Are you getting enough sleep? It’s super important that you get a quality eight hours or more each night, especially when studying.
We spoke to Cheryl Fingleson, The Sleep Coach, on how and why sleep can help you study more efficiently and retain information better.
“Not only is sleep critical in the functioning of all body systems,” says Cheryl, “but research has proved a direct correlation between our ability to learn and process memories, and our sleeping habits. Studies show that too little sleep can contribute to the poor ability to learn or retain information, depression, high blood pressure and disease.
“For all of us, memory and learning are consolidated during sleep. This is true for both adolescents writing high school exams as well as adults undertaking ongoing education. Memory and learning are processed and integrated during REM sleep – the phase in the sleep cycle that happens after deep sleep.”
Feeling stressed? Skipping sleep in an attempt to fit everything in is the last thing you should do, says Cheryl.
“Stressful times are in fact when sleep should be our highest priority, says Cheryl. “It can be very challenging to unwind during stressful times, given our body’s in built mechanisms to produce adrenaline, cortisol and other “energy” chemicals during challenging times. Not only does sleep strengthen learning and memories – it also has the ability to prioritise memories by breaking them up and organising them according to their emotional importance.
“Essentially the more you learn, the more you need to sleep, which is why a good sleep is critical in achieving success regardless of your phase of life or leaning. The good news is that with preparation, priority and practice a good night’s sleep is still totally achievable, no matter what the circumstances.”
Cheryl’s Top Tips To Better Sleep And Study
By employing just a few of the below techniques, you should notice a big change in your mental and physical health and sleep quality.
In the evening hours, decrease stimulation. Dim the lights and slow things down. Do something relaxing, such as reading, practicing yoga, taking a bath or initiating happy conversations.
Quit caffeine by noon
Caffeine can stay in your body for hours after consuming it. Caffeine’s effects vary from person to person, but in general, try completely eliminating it from midday onwards, or better yet, cut it out altogether.
Have a sleepy meal at dinnertime
Eat foods containing nutrients that promote sleep, including tryptophan, melatonin and magnesium. At dinner, eat a combination of high-quality proteins and complex carbohydrates. The internet provides a plethora of delicious options to try!
Have a set bed time
Aim to go to bed around the same time every night. I recommend most adults aim for a 10pm to 6am routine.

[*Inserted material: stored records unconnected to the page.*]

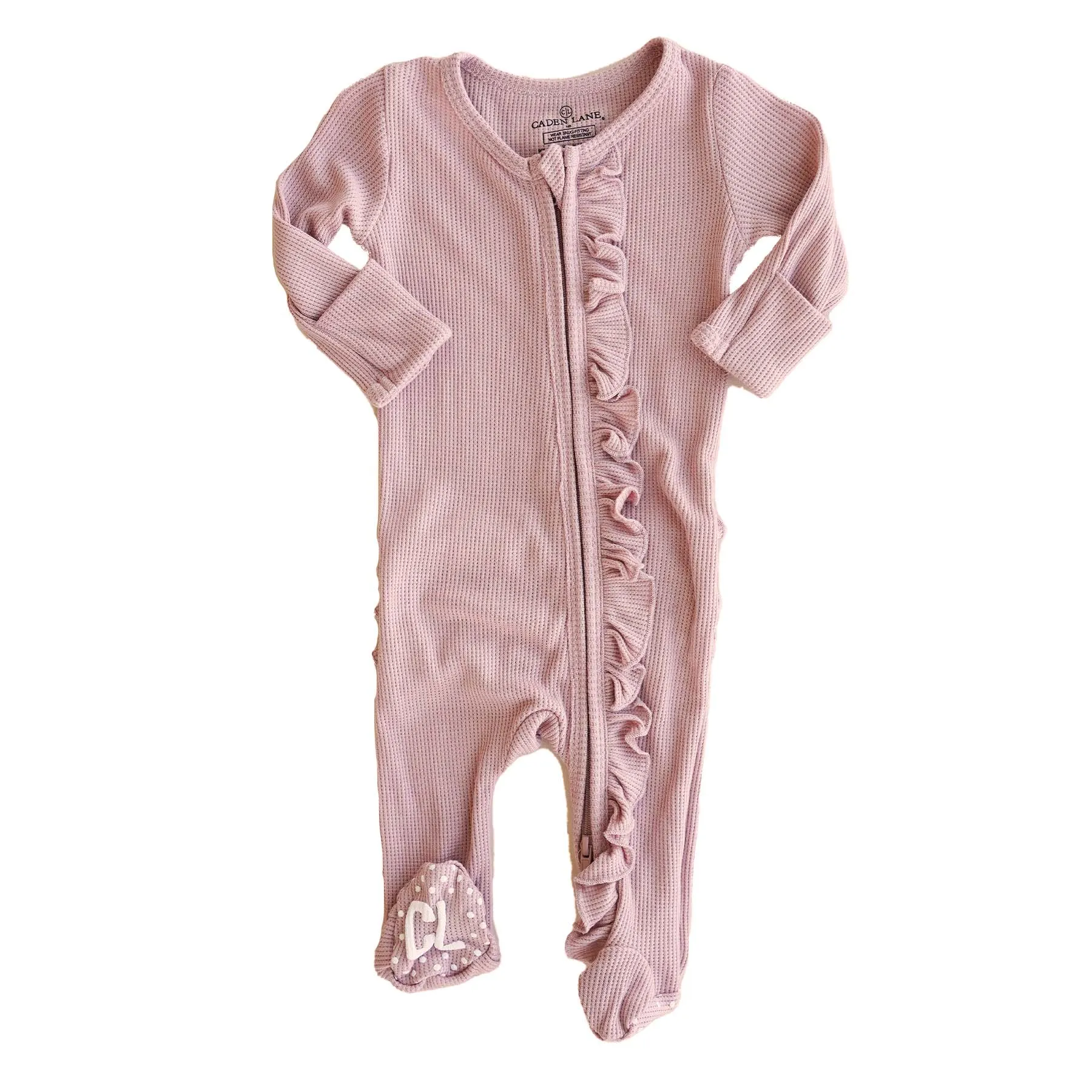 Girl Ruffle Zipper Footies | Best Sellers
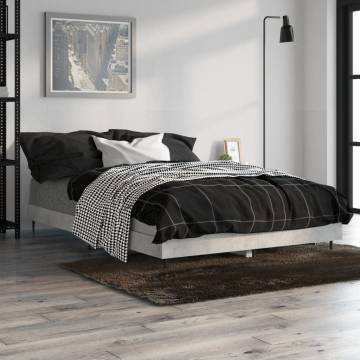 Concrete Grey Bed Frame 120x190 cm | Stylish & Durable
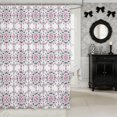 thumbnail image 2 of Manfei Boho Damask Shower Curtain 72Wx78L,Traditional Flowers Bath Curtain, 2 of 6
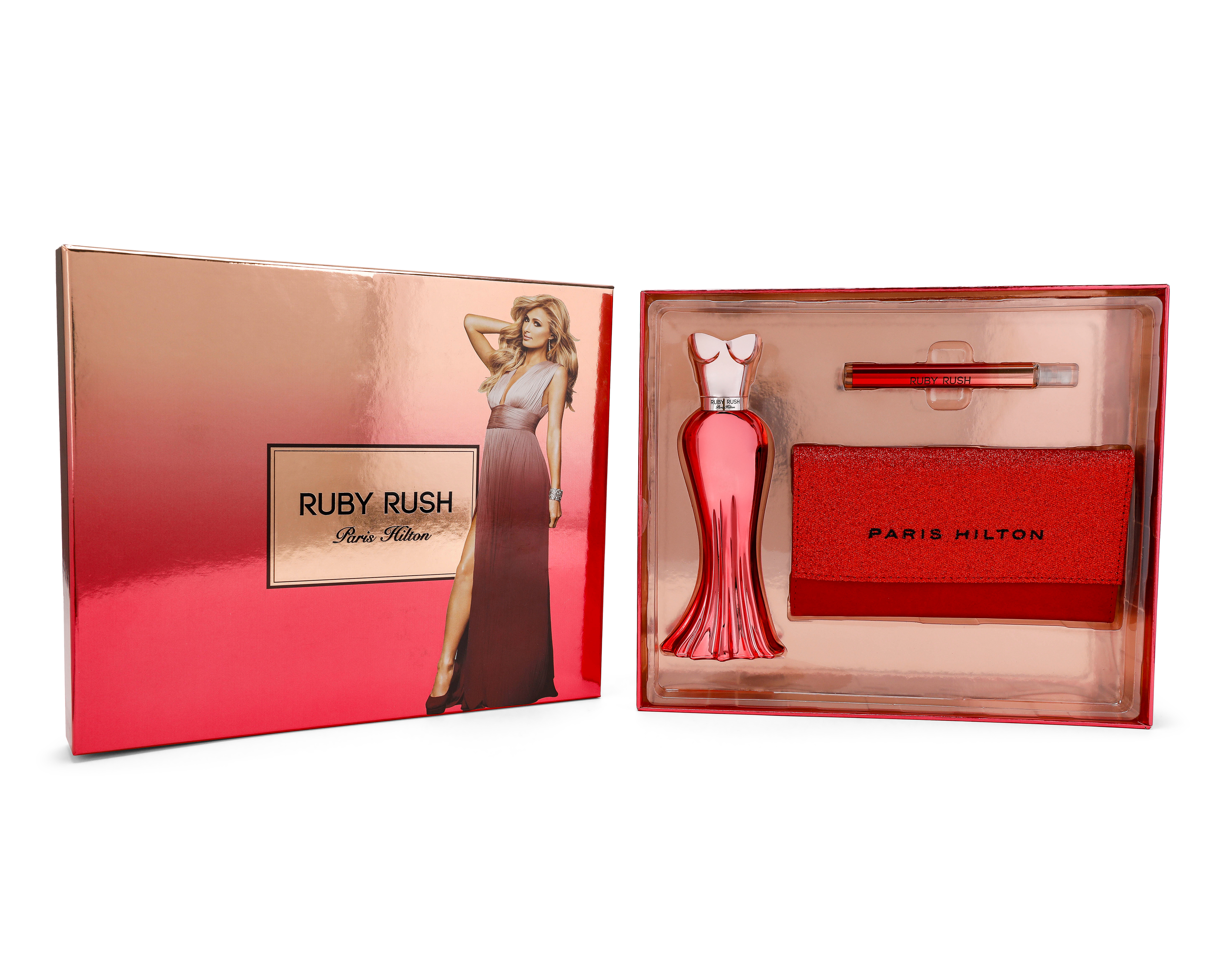 Foto 5 pulgar | Foto 4 | Estuche para Mujer Paris Hilton Ruby Rush 3 Piezas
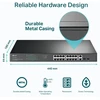 Šakotuvas TP-Link 18-PORT GIGABIT POE SWITCH - WITH 16-PORT POE+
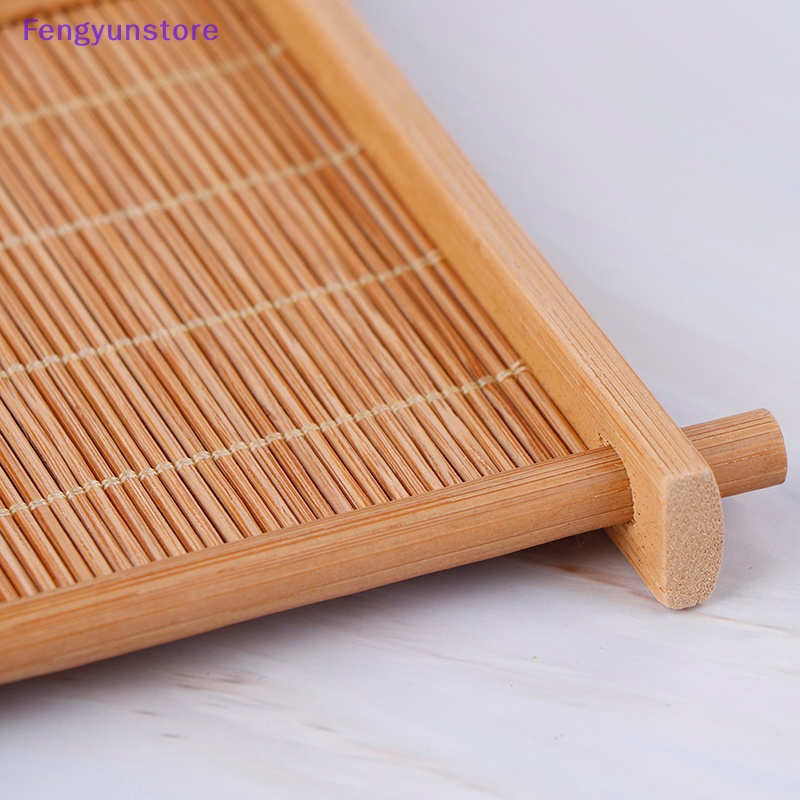 Feng cup mat phụ kiện trà bàn placemats coaster home kitchen decor vn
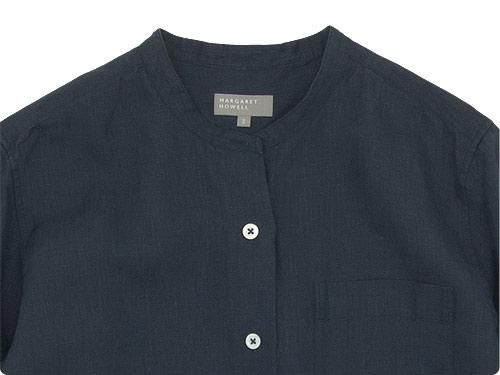 MARGARET HOWELL SHIRTING LINEN NO COLLAR SHIRTS 023CHARCOAL ̥ǥ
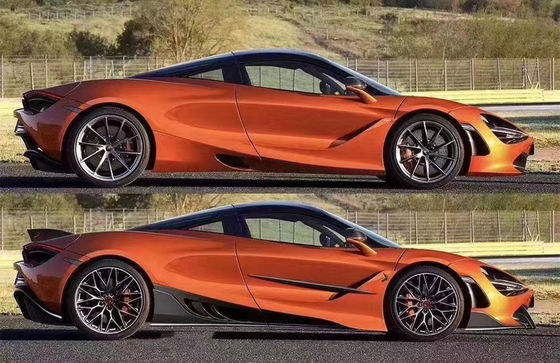Carbon Fiber Carbon Fiber Body Kit cho McLaren 720S 720 nâng cấp TOPCAR phong cách Mặt trước Lôi phía sau Diffuser Spoiler Cover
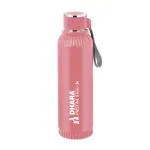 Dhara Stainless Steel Quench Inner Steel Water Bottle 700 ml Dark Peach| Leakproof | Airtight | Easy to open | Insulated Water Bottle | Easy to carry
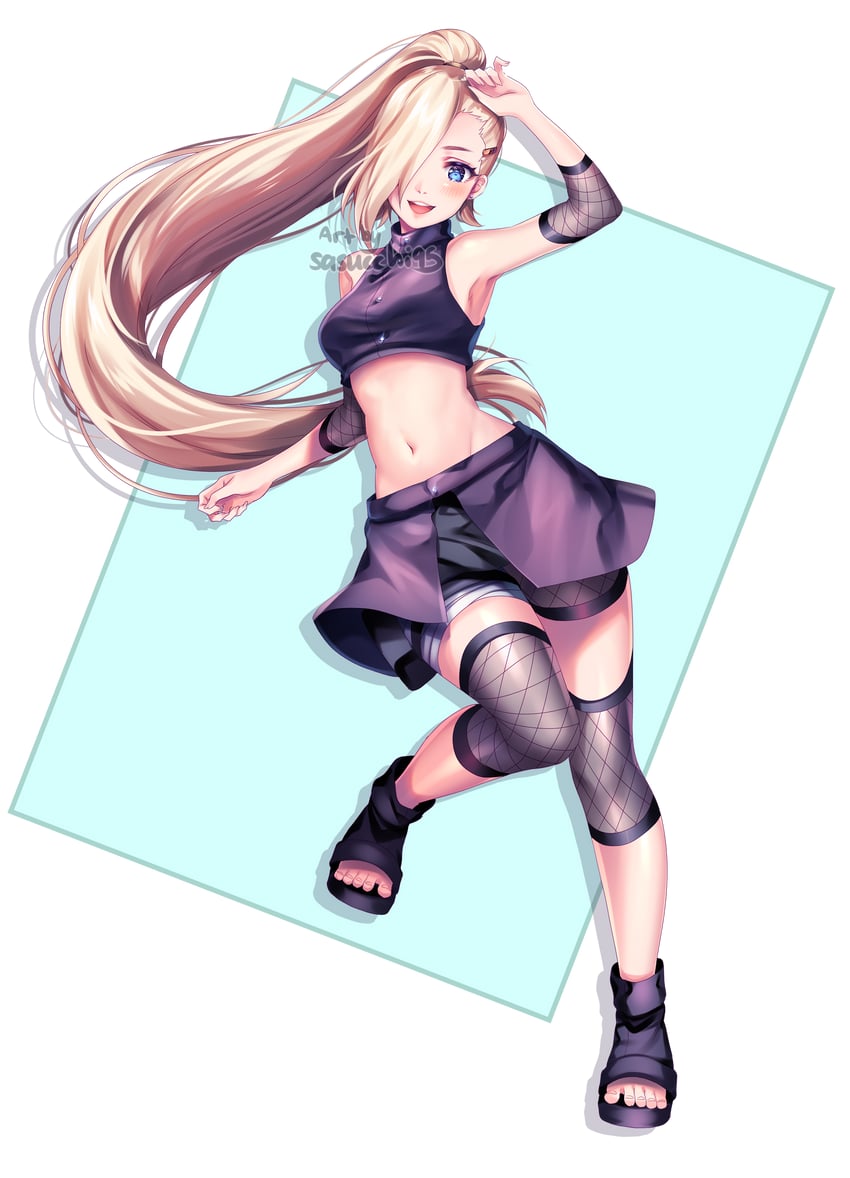 yamanaka ino (naruto and 1 more) drawn by sasucchi95
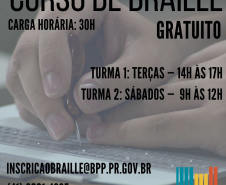 Biblioteca Pública do Paraná oferece curso gratuito de alfabeto Braille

- Practice left-nostril breathing
Block off your right nostril with your right thumb and take long slow deep breaths through your left nostril only. Left-nostril breathing has a soothing and relaxing effect on the body mind. In Kundalini Yoga, it’s suggested that you take 26 long, slow deep breaths in this manner to produce a relaxing effect on the mind and body.
- Shift your perspective
Examine any fear-based beliefs about sleep. Fearful thoughts create tension, hindering deep sleep. Cheryl recommends the affirmation, “I choose to relax and let go now.”
- Play with lighting and sound
Aligning our internal rhythms with those of nature sets us up for more restful sleep. Make a point to get exposure to sunlight during the day and in the evening, sleep in a very dark room.
- Take a relaxation bath
Water, salts and essential oils can be a balm for any stressed soul.
- Try mediation, massage or another relaxation technique
You can also try a progressive muscle relaxation or a guided meditation (available for free on the internet.) Ask a partner for a massage and practise gratitude.
- Take relaxation breaks during the day
Try taking at least one short relaxation break perday so that you’re not in a state of overwhelm by evening time.